Endangered Sharks

There are many endangered sharks in the world and many more on the verge of being endangered or of becoming extinct. The reasons for endangered sharks can all be contributed to human activity. The top three factors are habitat destruction, commercial fishing (food), and over-fishing for cultural practices, which includes shark fins for the Orient and those sharks whose parts are used for medicine.
Every year over one-hundred million sharks are caught by humans. The catching of sharks for the shark-fin trade is becoming one of the most controversial shark exploitations. Shark fin soup is a status symbol in places such as Hong Kong and China and the soup sells for as much as $100 a bowl. Businessmen in China, for example, claim it would be disrespectful not to order the soup when taking clients out to dinner or lunch. This might seem like a small thing to some people until you look at the numbers. Right now, every year, 22,000 tons of shark fins are sold worldwide, most for shark fin soup.
The method used to acquire shark fins is also receiving much public outcry. The fins are cut from live sharks that are thrown back into the ocean to die, painfully, over a length of time estimated to be as long as two weeks. The only countries that have passed laws against this practice are the United States, Canada, Brazil, Costa Rica, and Spain. In addition, in some countries sharks are killed so that their cartilage or the oil produced by their livers can be used for medicinal purposes. This is done without regard for the species of shark, which is what makes endangered sharks a reality.
Sharks are being killed in large numbers each year by the commercial fisheries industry, where the shark meat is sold as food. This is not a problem when shark populations are being managed and only a certain number are being taken. A good example is the Dogfish Shark, which is fished commercially in the Pacific with fisheries in Washington State and Alaska. The fish is abundant and the numbers processed by fisheries are not interfering with maintaining an adequate shark population. But other sharks, such as tiger sharks, mako sharks and blue sharks are being taken in many locations with no attention given to population decreases. This is how sharks become endangered.
Endangered sharks also exist because of habitat destruction. Shark pups have historically been kept safe from other sharks and large fish that want to eat them by being able to live in mangroves in shallow water until they were large enough to be able to survive on their own among other ocean sharks. Now, there are fewer and fewer mangroves and more and more marinas and resorts where mangroves used to be. Young sharks are no longer being protected and species are producing fewer and fewer adult sharks. One example of this has been reported in the Philippines. There the mangrove habitat for sharks has decreased from five thousand square kilometers to five hundred.

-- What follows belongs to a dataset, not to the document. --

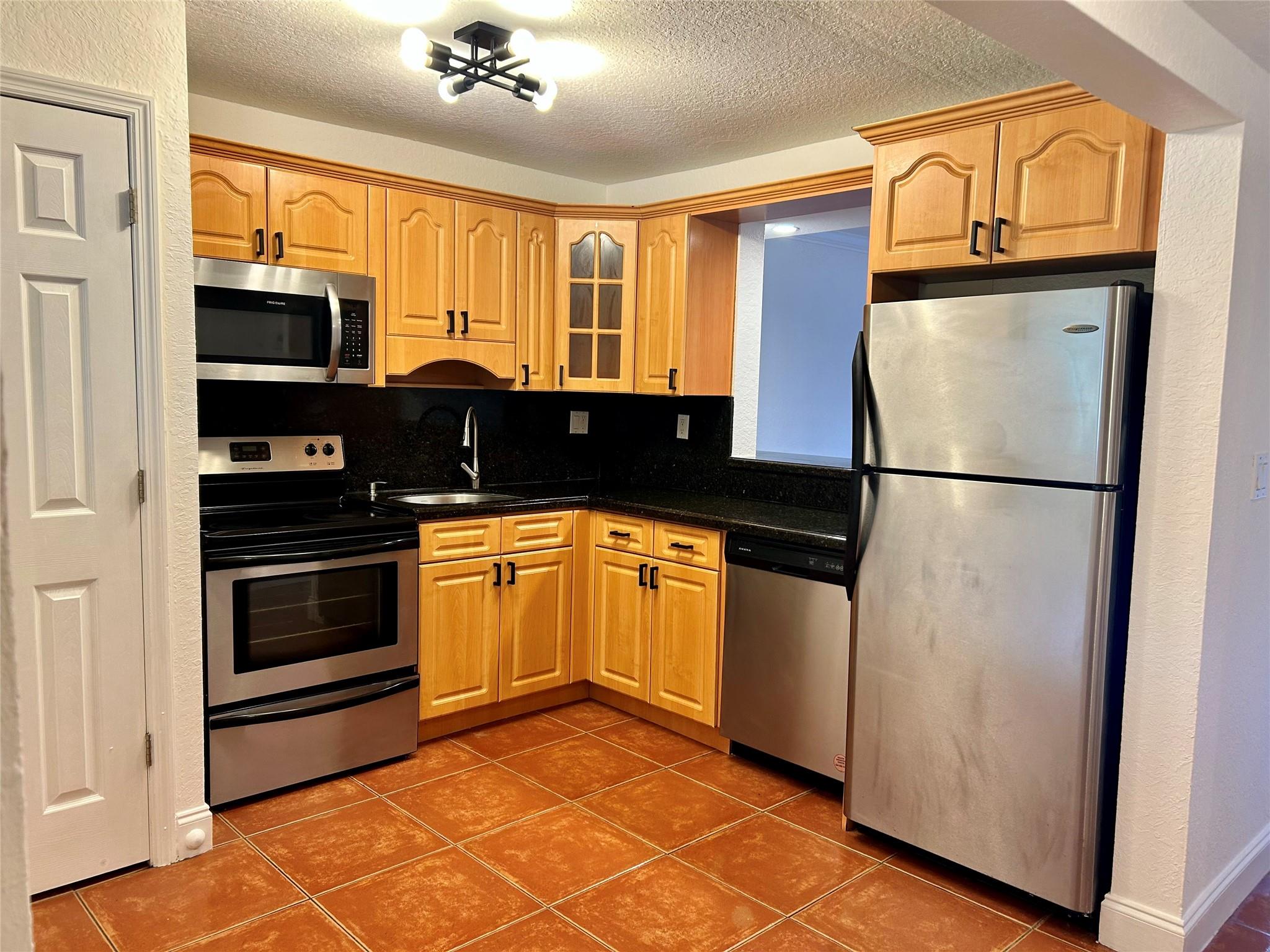 Fountains Of Tamarac Cond - Residential Lease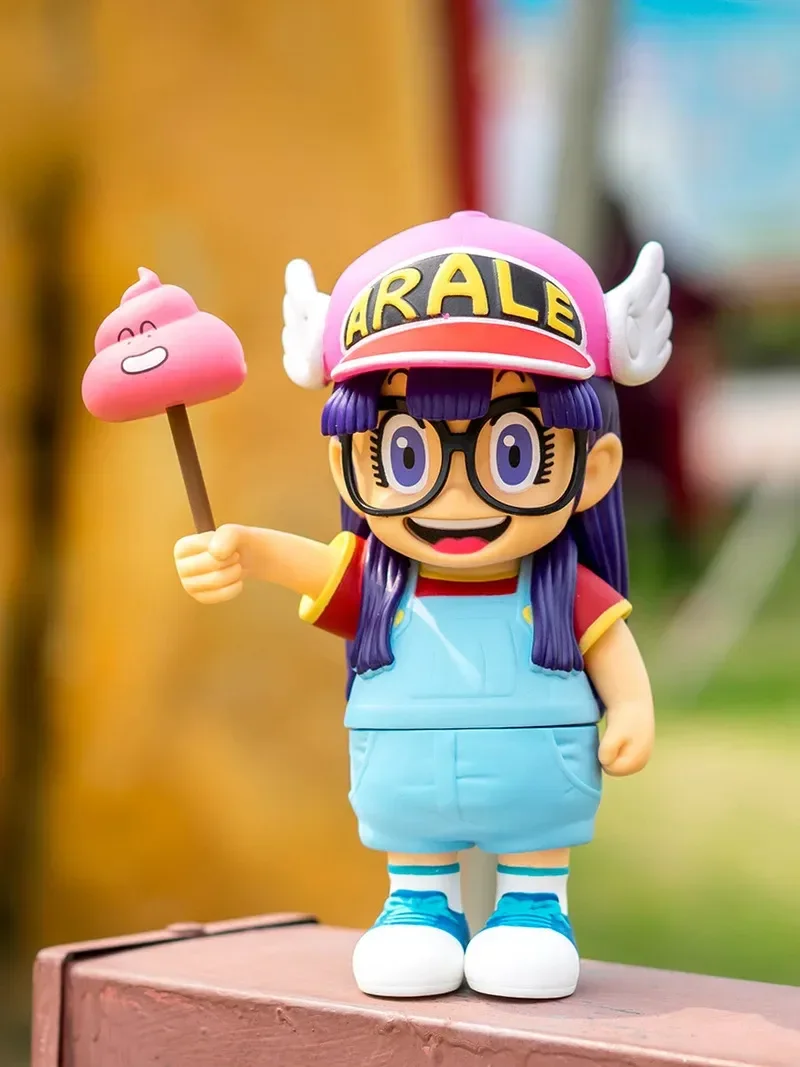 Dr. Slump Anime Figure ARALE New Year Birthday Gift Kids Toys Collectible Animation Cartoon PVC Material Model Home Decoration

The top twenty endangered sharks are: Ganges Shark, Borneo Shark, Basking Shark (North Pacific, North Atlantic), Speartooth Shark, Whitefin Tope Shark, Angular Angel Shark, Smoothback Angel Shark, Spinner Shark, Pondicherry Shark, Smoothtooth Black Tip Shark, Black Tip Shark, Dusky Shark, Grey Nurse Shark (Sand Tiger), Great White Shark, Gulper Shark, Basking Shark, School Shark (Tope Shark), Bluegray Carpetshark, Porbeagle Shark, and the largest shark in the world--the Whale Shark.